### Problem statement
Your task is to transcribe the entries below exactly, beginning with the line containing "럭시즘 올인원 수분 세럼 체험단 모집" and ending with the final line, and to add nothing else.

### Items from a dataset
::::::::::

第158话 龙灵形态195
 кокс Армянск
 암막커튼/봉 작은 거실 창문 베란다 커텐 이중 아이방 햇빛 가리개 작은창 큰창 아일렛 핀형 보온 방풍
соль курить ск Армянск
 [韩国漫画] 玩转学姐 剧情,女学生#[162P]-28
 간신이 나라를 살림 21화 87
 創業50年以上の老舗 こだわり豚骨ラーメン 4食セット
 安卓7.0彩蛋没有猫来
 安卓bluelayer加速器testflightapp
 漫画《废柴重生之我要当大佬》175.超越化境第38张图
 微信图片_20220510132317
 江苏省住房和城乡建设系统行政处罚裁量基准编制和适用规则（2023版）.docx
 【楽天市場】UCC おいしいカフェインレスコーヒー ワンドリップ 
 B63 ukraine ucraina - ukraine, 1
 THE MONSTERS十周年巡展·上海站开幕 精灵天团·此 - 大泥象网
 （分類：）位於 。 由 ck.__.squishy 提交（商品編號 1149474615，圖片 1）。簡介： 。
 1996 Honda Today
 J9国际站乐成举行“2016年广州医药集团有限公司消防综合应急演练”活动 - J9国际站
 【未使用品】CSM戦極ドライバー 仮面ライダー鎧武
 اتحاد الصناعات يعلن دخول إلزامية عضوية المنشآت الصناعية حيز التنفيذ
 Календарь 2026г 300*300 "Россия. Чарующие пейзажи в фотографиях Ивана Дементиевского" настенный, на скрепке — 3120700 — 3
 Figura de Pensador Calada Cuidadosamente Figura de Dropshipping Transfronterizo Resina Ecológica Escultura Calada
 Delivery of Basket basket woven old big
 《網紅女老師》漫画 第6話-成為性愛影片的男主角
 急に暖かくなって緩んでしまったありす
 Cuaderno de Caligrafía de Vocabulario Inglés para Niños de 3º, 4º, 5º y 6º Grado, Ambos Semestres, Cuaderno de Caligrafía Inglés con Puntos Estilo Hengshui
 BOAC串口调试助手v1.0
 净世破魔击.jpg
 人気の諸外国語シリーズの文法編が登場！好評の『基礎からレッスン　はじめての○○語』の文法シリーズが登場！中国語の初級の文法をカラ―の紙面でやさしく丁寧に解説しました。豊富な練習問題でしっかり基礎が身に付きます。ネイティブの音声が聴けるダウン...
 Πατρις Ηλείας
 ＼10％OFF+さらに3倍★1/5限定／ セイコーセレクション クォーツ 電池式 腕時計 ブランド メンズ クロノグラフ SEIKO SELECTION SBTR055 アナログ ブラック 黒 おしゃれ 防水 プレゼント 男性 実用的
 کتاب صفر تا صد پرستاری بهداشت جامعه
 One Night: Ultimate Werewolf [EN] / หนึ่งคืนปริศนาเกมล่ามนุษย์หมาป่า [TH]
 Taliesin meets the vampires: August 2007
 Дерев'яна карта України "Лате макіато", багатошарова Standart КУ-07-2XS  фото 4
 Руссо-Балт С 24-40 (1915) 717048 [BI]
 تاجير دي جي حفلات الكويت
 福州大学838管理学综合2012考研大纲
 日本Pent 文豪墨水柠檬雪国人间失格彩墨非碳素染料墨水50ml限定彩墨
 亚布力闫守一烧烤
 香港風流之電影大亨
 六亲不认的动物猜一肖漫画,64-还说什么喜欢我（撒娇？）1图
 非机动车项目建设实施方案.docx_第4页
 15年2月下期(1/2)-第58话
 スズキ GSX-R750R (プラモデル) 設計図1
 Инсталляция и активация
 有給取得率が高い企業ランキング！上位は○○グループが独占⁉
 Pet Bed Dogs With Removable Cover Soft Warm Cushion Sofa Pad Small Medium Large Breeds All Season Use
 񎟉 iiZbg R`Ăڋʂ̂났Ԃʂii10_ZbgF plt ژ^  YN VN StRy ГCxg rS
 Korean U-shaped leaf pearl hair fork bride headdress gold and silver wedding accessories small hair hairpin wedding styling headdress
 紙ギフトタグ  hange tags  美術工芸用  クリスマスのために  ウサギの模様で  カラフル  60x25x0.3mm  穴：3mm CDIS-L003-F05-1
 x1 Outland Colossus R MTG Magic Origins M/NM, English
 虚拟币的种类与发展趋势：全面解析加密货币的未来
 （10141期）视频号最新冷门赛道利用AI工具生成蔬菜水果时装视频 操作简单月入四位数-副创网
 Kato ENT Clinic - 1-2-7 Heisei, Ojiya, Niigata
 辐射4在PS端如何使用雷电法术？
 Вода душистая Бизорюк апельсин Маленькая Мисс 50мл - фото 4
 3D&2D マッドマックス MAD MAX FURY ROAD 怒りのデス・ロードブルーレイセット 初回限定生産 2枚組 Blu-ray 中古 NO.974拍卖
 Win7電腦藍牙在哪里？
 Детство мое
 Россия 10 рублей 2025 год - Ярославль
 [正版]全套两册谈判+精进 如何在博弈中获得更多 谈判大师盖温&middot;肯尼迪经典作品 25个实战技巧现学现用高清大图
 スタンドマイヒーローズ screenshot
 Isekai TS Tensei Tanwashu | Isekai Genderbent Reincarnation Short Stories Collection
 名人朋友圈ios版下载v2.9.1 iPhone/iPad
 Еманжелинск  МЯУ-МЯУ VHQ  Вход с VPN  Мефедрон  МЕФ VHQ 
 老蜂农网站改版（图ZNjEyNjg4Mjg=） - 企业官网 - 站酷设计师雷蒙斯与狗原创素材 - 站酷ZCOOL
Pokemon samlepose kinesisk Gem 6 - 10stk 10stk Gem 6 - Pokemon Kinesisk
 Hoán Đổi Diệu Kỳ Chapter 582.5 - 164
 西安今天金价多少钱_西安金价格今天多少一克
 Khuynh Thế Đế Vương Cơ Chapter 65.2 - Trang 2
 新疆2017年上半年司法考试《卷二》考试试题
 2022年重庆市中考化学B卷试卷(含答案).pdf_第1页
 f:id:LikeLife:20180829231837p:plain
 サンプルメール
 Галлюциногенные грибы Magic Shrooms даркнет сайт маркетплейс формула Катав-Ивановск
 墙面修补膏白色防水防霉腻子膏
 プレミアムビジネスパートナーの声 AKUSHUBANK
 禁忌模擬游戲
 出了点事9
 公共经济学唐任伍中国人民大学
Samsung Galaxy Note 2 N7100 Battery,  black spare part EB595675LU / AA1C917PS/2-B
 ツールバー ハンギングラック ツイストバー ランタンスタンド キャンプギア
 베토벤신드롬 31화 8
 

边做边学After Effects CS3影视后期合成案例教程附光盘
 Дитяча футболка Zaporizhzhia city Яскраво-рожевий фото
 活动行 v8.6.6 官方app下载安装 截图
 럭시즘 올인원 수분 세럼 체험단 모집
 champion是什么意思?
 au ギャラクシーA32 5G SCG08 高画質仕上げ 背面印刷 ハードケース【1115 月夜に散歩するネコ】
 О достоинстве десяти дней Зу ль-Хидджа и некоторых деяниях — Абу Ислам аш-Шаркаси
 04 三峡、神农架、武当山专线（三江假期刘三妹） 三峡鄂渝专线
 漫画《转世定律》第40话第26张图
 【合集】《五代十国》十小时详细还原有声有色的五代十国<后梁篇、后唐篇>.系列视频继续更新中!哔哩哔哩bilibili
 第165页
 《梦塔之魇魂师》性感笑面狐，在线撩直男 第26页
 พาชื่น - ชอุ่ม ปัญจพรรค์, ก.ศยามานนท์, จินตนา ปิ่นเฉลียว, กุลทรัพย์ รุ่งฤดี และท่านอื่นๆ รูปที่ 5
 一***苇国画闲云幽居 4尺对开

::::::::::

### Answer space
 럭시즘 올인원 수분 세럼 체험단 모집
 champion是什么意思?
 au ギャラクシーA32 5G SCG08 高画質仕上げ 背面印刷 ハードケース【1115 月夜に散歩するネコ】
 О достоинстве десяти дней Зу ль-Хидджа и некоторых деяниях — Абу Ислам аш-Шаркаси
 04 三峡、神农架、武当山专线（三江假期刘三妹） 三峡鄂渝专线
 漫画《转世定律》第40话第26张图
 【合集】《五代十国》十小时详细还原有声有色的五代十国<后梁篇、后唐篇>.系列视频继续更新中!哔哩哔哩bilibili
 第165页
 《梦塔之魇魂师》性感笑面狐，在线撩直男 第26页
 พาชื่น - ชอุ่ม ปัญจพรรค์, ก.ศยามานนท์, จินตนา ปิ่นเฉลียว, กุลทรัพย์ รุ่งฤดี และท่านอื่นๆ รูปที่ 5
 一***苇国画闲云幽居 4尺对开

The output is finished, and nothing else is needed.